Please find every line in the entries below that contains the string "Breathable", and copy it.

^^^^^^^^

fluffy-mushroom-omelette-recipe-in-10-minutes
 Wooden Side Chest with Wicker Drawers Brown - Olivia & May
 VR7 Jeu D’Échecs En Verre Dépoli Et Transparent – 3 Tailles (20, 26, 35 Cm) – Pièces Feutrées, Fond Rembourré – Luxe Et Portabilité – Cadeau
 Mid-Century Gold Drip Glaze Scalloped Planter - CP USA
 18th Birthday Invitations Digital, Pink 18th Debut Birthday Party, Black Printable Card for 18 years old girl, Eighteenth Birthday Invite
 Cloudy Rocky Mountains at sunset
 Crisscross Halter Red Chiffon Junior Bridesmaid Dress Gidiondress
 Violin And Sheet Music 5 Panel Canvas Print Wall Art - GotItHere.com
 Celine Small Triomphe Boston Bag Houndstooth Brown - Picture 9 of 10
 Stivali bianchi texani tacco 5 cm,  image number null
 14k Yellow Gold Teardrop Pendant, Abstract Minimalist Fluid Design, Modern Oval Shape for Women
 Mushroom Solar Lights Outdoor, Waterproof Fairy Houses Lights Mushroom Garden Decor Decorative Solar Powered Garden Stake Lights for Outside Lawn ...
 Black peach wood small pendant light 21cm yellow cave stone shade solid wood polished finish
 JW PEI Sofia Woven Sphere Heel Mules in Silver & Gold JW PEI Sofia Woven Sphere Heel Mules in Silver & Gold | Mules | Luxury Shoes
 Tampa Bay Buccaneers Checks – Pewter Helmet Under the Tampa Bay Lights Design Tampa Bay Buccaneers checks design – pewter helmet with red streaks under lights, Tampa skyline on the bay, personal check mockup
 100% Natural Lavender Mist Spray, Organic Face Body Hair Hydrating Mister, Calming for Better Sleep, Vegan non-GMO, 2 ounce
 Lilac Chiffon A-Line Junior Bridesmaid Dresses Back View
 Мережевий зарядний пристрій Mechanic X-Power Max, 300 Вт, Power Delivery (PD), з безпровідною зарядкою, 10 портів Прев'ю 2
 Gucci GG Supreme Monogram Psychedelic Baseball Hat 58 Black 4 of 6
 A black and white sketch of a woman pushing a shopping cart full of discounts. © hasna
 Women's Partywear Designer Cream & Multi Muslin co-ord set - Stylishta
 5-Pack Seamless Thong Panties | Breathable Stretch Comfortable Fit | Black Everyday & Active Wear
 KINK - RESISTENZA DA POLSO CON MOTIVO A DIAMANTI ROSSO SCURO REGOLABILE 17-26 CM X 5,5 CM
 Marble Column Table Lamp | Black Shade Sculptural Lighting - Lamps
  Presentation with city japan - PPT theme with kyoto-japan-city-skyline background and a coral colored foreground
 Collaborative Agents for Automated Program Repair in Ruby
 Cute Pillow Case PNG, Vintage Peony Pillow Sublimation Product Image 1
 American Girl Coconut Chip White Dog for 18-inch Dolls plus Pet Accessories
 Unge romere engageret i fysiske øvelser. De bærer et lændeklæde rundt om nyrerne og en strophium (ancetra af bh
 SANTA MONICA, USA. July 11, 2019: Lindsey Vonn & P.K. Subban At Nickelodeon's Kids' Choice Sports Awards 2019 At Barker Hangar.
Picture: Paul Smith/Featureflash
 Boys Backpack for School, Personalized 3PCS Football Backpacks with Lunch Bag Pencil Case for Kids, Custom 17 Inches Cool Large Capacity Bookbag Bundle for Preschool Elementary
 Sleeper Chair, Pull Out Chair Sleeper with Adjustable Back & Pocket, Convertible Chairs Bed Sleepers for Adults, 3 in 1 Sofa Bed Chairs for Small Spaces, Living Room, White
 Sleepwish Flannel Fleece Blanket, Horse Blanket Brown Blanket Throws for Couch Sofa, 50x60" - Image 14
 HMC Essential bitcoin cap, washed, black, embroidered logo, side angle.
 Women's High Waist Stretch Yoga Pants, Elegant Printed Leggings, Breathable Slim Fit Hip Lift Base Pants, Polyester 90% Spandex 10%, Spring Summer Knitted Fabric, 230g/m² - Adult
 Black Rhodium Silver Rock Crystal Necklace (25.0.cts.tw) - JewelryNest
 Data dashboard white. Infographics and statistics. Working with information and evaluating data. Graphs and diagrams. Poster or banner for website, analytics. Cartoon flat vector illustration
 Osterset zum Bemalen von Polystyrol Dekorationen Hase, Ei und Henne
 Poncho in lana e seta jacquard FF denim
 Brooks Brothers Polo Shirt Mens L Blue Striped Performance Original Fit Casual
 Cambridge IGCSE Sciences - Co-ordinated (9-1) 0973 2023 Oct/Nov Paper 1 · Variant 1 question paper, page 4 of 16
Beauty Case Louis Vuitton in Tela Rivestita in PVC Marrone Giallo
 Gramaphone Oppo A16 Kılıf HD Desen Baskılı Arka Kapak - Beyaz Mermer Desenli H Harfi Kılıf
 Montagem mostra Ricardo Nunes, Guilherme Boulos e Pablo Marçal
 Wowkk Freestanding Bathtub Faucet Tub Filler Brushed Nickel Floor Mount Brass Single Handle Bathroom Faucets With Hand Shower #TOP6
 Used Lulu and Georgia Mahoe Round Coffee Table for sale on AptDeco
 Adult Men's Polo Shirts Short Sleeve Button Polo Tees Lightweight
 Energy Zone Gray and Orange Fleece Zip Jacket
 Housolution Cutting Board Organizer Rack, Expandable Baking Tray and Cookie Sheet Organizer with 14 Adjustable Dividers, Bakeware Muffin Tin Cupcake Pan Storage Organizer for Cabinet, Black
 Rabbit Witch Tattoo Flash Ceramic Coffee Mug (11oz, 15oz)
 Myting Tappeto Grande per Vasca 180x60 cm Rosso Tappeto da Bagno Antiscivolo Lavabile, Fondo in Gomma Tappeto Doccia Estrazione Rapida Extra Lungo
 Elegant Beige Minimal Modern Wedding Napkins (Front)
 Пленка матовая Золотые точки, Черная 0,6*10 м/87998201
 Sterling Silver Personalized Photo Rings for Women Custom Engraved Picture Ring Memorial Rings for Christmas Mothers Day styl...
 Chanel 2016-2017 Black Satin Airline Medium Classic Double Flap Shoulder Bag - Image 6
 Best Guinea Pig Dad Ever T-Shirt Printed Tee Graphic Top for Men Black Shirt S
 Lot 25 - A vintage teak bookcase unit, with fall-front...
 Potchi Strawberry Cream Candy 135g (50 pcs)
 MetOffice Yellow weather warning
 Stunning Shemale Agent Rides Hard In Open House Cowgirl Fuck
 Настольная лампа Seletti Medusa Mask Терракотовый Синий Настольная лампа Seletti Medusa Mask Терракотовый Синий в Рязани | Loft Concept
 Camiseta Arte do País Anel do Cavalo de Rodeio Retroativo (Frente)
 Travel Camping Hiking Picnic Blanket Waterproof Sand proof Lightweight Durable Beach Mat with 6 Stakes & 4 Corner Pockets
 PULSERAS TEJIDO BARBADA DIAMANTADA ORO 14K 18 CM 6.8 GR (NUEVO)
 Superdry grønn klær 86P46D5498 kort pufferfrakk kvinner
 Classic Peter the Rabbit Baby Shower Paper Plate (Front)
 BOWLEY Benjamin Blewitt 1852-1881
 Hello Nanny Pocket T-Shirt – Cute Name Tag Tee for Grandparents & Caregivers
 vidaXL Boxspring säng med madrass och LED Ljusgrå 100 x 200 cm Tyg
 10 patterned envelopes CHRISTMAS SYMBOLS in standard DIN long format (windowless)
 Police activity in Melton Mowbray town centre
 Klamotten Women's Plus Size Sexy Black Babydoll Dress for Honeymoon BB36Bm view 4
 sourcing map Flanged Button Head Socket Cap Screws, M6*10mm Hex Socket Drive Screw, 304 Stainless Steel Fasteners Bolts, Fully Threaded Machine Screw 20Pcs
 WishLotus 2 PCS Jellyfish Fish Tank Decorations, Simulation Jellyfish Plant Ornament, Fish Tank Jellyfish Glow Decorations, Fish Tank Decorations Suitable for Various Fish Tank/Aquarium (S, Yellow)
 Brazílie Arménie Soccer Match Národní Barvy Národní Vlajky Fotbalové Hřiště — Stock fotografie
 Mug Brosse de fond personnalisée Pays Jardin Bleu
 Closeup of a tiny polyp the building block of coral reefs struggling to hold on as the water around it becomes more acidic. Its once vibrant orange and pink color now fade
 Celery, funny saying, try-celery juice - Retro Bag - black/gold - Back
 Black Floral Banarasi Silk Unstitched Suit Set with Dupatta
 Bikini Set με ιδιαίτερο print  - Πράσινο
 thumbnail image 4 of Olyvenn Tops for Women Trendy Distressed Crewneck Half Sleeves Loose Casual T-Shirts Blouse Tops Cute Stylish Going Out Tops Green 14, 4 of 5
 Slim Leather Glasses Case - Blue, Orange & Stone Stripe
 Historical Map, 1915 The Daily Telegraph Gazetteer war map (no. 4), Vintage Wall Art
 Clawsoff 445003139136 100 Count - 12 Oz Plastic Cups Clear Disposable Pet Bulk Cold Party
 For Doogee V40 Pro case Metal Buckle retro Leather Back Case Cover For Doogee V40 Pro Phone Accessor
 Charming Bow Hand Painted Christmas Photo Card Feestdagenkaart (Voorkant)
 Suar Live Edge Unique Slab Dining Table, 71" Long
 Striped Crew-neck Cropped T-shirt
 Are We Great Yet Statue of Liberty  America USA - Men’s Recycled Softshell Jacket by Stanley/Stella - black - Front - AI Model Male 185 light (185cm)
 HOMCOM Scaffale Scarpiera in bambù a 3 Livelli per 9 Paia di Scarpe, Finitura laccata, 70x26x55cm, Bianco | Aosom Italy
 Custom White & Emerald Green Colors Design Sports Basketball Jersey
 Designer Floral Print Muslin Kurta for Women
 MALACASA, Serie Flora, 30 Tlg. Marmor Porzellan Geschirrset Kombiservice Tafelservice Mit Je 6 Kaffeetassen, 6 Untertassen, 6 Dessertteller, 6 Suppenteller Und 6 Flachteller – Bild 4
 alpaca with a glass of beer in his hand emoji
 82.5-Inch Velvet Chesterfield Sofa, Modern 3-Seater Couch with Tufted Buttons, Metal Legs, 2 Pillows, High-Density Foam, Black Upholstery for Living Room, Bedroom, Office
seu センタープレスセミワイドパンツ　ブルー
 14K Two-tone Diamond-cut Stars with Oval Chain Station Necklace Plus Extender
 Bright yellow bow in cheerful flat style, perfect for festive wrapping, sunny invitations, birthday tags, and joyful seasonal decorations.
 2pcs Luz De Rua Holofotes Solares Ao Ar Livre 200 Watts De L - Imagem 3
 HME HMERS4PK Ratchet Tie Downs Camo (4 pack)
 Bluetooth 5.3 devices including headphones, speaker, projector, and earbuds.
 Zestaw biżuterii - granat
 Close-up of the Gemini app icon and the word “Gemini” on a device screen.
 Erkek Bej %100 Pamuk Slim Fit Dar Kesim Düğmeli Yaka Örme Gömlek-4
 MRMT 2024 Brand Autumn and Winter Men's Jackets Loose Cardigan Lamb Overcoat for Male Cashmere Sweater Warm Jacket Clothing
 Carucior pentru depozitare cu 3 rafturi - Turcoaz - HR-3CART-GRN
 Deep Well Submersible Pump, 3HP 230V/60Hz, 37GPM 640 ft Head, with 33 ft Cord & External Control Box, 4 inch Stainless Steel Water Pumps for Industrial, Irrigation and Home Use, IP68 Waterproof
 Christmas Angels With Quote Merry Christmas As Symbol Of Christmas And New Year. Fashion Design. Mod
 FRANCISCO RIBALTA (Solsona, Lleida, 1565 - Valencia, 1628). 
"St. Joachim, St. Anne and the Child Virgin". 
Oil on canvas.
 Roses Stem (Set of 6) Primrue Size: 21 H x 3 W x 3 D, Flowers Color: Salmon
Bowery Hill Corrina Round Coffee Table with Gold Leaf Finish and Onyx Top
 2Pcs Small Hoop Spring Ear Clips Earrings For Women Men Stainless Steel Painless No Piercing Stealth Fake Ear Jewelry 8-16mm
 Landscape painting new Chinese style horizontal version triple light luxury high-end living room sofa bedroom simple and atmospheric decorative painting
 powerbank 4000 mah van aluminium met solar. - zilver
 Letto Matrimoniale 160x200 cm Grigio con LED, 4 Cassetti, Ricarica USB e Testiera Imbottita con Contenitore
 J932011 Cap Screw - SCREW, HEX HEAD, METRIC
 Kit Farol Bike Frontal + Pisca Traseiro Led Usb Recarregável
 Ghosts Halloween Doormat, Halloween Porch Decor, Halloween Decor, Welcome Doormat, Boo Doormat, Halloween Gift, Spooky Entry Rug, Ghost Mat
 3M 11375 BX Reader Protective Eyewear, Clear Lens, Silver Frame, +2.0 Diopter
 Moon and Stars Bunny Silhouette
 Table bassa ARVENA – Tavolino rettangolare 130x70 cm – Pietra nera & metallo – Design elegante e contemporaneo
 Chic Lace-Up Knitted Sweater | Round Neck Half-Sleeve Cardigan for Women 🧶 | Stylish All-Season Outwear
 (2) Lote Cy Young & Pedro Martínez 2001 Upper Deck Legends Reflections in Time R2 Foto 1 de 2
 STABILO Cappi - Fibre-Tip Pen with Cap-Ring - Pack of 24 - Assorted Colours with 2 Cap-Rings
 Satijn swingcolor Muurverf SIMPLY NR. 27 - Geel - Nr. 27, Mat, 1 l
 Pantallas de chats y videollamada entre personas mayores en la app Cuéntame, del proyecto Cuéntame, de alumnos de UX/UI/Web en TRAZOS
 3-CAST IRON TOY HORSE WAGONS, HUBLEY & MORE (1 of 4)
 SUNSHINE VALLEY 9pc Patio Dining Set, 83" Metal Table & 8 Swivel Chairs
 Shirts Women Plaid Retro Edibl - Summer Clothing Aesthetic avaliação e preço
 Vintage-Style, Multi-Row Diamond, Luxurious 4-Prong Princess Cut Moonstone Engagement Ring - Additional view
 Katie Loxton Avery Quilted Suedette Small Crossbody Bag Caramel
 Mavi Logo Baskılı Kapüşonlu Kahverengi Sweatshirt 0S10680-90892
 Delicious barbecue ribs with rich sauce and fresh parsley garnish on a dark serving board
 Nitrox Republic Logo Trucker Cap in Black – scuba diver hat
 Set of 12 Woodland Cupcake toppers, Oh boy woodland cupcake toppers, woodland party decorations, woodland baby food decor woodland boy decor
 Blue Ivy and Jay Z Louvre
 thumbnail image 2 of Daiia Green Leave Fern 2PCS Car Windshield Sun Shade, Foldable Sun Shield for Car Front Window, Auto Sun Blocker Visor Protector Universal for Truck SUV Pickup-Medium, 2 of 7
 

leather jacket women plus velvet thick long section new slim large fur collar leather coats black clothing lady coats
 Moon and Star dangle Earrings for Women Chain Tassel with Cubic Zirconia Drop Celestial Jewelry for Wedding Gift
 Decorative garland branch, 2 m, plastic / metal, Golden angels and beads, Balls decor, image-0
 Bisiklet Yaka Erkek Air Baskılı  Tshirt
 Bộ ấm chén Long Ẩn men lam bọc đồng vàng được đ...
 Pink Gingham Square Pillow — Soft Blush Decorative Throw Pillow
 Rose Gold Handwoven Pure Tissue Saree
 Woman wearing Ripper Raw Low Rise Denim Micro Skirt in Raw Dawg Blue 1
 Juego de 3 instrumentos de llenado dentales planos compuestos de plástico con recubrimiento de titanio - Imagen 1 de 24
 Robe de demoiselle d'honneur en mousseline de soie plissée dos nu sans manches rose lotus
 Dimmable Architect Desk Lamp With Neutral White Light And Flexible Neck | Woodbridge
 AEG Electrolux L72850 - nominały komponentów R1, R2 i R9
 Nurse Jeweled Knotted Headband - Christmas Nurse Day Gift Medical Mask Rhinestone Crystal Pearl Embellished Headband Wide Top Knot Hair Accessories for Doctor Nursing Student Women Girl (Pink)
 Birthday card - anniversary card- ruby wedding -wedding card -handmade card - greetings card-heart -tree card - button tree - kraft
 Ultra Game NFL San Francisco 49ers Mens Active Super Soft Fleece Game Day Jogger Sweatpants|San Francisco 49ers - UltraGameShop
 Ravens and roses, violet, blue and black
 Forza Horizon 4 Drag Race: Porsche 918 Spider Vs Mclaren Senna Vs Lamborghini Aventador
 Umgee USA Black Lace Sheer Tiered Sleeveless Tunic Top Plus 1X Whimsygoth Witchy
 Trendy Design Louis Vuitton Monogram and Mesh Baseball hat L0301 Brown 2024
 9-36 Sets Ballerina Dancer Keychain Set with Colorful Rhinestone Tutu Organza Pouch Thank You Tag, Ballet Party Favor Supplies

^^^^^^^^

◆ **SOLUTION FOR THIS EXERCISE**:
 5-Pack Seamless Thong Panties | Breathable Stretch Comfortable Fit | Black Everyday & Active Wear
 Women's High Waist Stretch Yoga Pants, Elegant Printed Leggings, Breathable Slim Fit Hip Lift Base Pants, Polyester 90% Spandex 10%, Spring Summer Knitted Fabric, 230g/m² - Adult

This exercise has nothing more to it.